How did you work on the music for Acadiana?
Our first challenge was to find a balance between what was really happening and the point of view we wanted to establish for it. As a backdrop, we used the material that was present at the shooting, in other words, the sounds of the crawfish festival at Pont-Breaux. Then we began composing original music that would, perhaps, allow us to slide over to moments that were ethereal and poetic – and affirm our perspective. Before finding the right music, we explored several directions. Through this research, it became apparent that we didn’t want a recurring musical theme nor a classical melodic structure. We decided on ‘pad’ movements which evoke retro-nostalgic science-fiction, very heavy cord movements which underscore the weight or the decadence of the system, then a long crescendo which evokes the brewing anger of a boiling mass about to burst.
What does throwing the beads mean?
From an historical point of view, the tradition of throwing a pearl necklace – which is closely associated with the Mardi gras parade in New Orleans – began one day at the end of the 19thcentury. At the time, one threw a necklace at the person who best represented a certain Christian ideal: a purple necklace for the person best associated with justice, a gold necklace for the person best associated with power and a green one for the person associated with faith. This festive tradition – which rapidly became part of the custom – was adopted by all Louisianans who separated it from its meaning. Today the gesture is void of any sacred symbols and only serves to enhance the esthetics of one or another celebration such as the crawfish festival of Pont-Breaux. In our film directors’ eyes, this gesture is testimony to a certain kind of rupture between the Louisiana community and its traditions and it can be seen as the perfect metaphor for moral decline, for social or racial inequality that eats away at the community.
Why were you interested in the crawfish boiling?
The crawfish is one of the main symbols of Louisianan cuisine. It’s also one of the main symbols – if not the symbol – of the entire Cajun culture. In this case, we believe the crawfish represents many things in the film. We can think about the crawfish eating contest which attests to the decline of American culture, its taste for opulence or for excess. We can also think about the crawfish boiling meaning a certain hidden, simmering anger which is the fruit of decades of social and racial inequality in Louisiana. We can think about these people disguised as a crawfish who wear this symbol proudly but don’t know what it represents – if not the past ideal of their wounded community which is on the verge of disappearing along with them. The crawfish and all that they represent; the festival-rides that go around incessantly, the contest to see who can eat the most, the desacralized parade; we could also say “bread and circuses” for this fading community which belongs to an aging empire and is hopelessly on its path to its decline.

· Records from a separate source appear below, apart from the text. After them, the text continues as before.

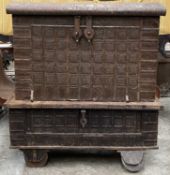 INDIAN HARDWOOD DOWRY TRUNK ON STAND, with iron strap, locks, handles, and wheeled base (2), 140 (h)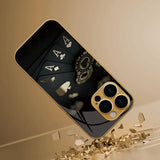 Black Card Gold Symbol Pattern Gold Metallic Paint Glass Phone Case For iPhone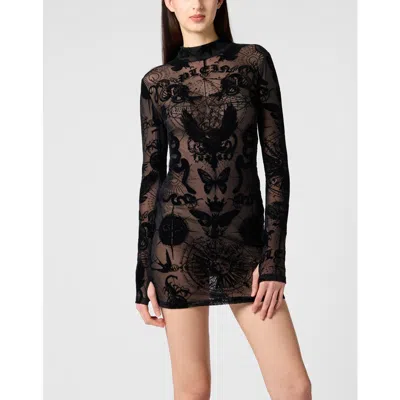 Philipp Plein Long Sleeve Mini Dress Flock Butterfly Tattoo Women In Black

Why did you want the film to be non-speaking?
At the beginning, we didn’t plan to shoot Acadiana. We were supposed to attend the crawfish festival at Pont-Breaux to shoot a different film that addressed the question of Cajun identity. When we discovered this setting, the rides, this incredible place, we decided, by instinct, to do something else. We started filming not really knowing what we were doing. Then we discovered the emotional power of what we had shot. The tired faces, the big, old, rusty machinery, the orgy-like contests, the surreal parade… It was only once we’d seen the rushes after the first day’s shoot that we understood what we had gotten ourselves into. The tone was set for the rest. The remainder of the film had to follow silently, anxiously, as if it were our own perspective on this exotic reality and that we were conveying the reflection of a tired, declining America.
Would you say that the short film format has given you any particular freedom?
From the beginning, Acadiana was conceived as a short film. For us, it was important to condense our film to the maximum in order to give our audience a genuine viewing experience. This is the reason why we wanted to create a “short short film” that would be an experience something like a punch in the face. At any rate, we believe our concept couldn’t be stretched out for a feature-length film.